FIG. 2 is a data processing application development UI 220 of the data processing system 100 shown on a display of a device 110 interacting with the data processing system 100, according to some embodiments of the technology described herein. The data processing application development UI 220 displays a dataflow graph 225 of a data processing application. As shown in FIG. 2, the data processing application receives data from multiple input nodes 221A, 221B, 221C, 221D, and performs various data processing operations (e.g., filter, sort, join, etc.) indicated at the nodes of the dataflow graph 225 to generate data at an output node 230 corresponding to an output data store. The data processing application development UI 220 may be used by a user of the device 110 to generate the dataflow graph 225. In some embodiments, the dataflow graph 225 may be automatically generated by the data processing system 102. For example, the dataflow graph 225 may be generated by the data processing system 102 based on a query input by the user.

Data processing applications may operate on different types of data. For example, data processing applications may include operations that process batch data (e.g., data stored in files and databases) and continuous data (e.g., data in queues and Kafka event streams). As an example, within a retail enterprise, sales data may arrive at a central office in real time, such that it may be regarded as continuous. That continuous flow of sales data may be an input data source for a data processing application. Such an input data source may be regarded as a continuous input data source. Additionally, within the enterprise the sales data may be cleaned or otherwise processed and some or all of it may be stored in a database. This database may serve as the input data source for the data processing applications. That database may be regarded as a batch input data source.

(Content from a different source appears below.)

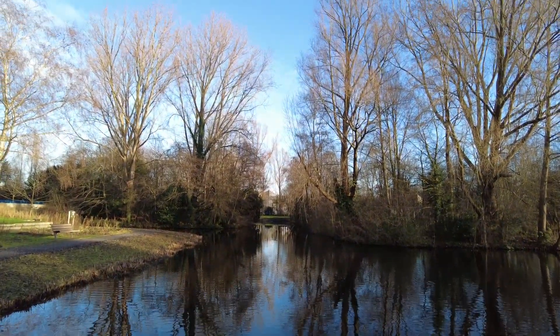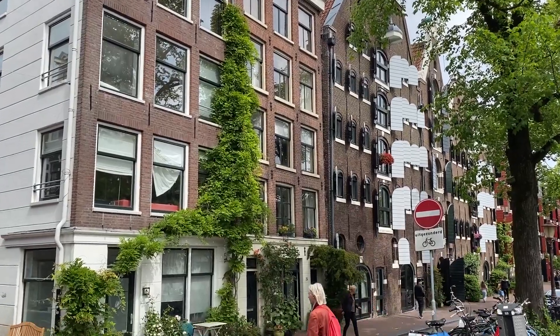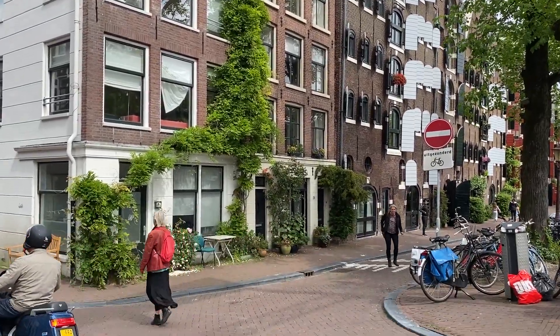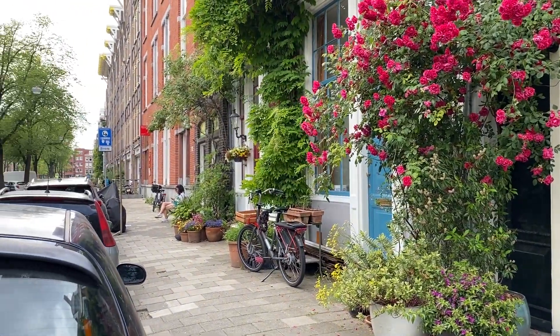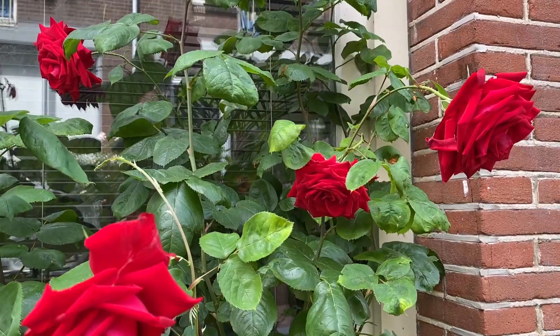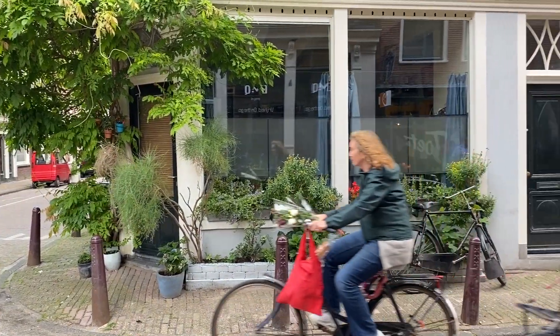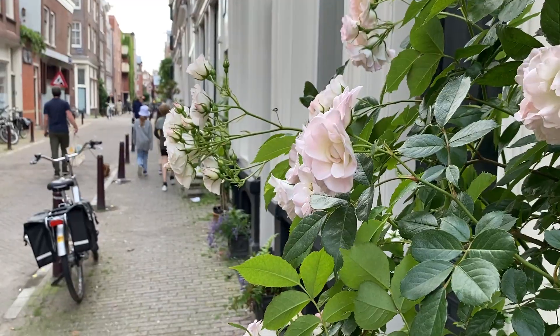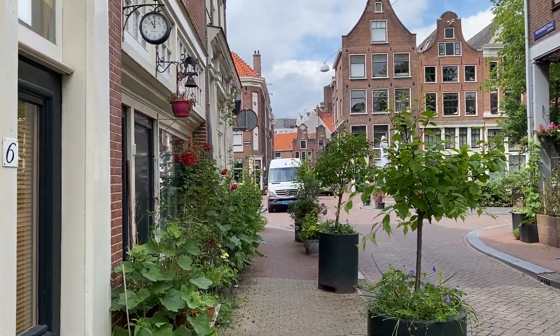Amsterdam has many beautiful parks, but aside from these green spaces, when you walk around the city it's not just a brick and concrete jungle. You will see little patches of greenery from single plants, to clusters of pots, to small pavement gardens. And these bring so much warmth to the city and they are really beautiful to see. So here is a little snippet of this.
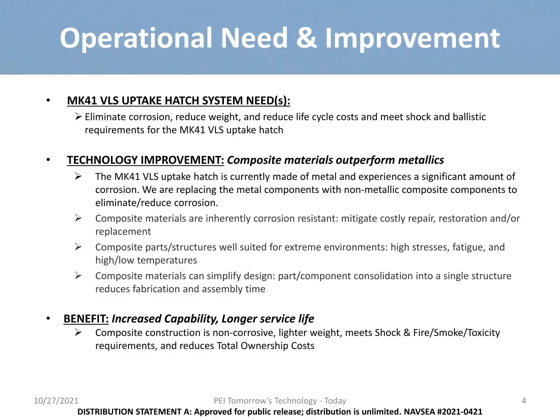So how can we meet the operational need and improve the situation? The materials we use are inherently corrosion resistant, mitigating cost of repair, restoration, and replacement. They are well-suited for extreme environments and components exposed to high stress and fatigue. Harsh operating environments require materials that can withstand the elements while still preventing corrosion and meeting all necessary requirements. There is an improvement in materials while still being cost-effective. The benefits include increased capability, longer service life, and the reduction in total ownership cost.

An enterprise may operate a data processing system in development, test, and production environments. The datasets used by a same data processing application managed by the data processing system may differ in each of these environments. For example, a physical dataset associated with a batch input data source may be used by the data processing application in a development environment whereas a different physical dataset associated with a continuous input data source (e.g., producing live data) may be used by the data processing application in a production environment.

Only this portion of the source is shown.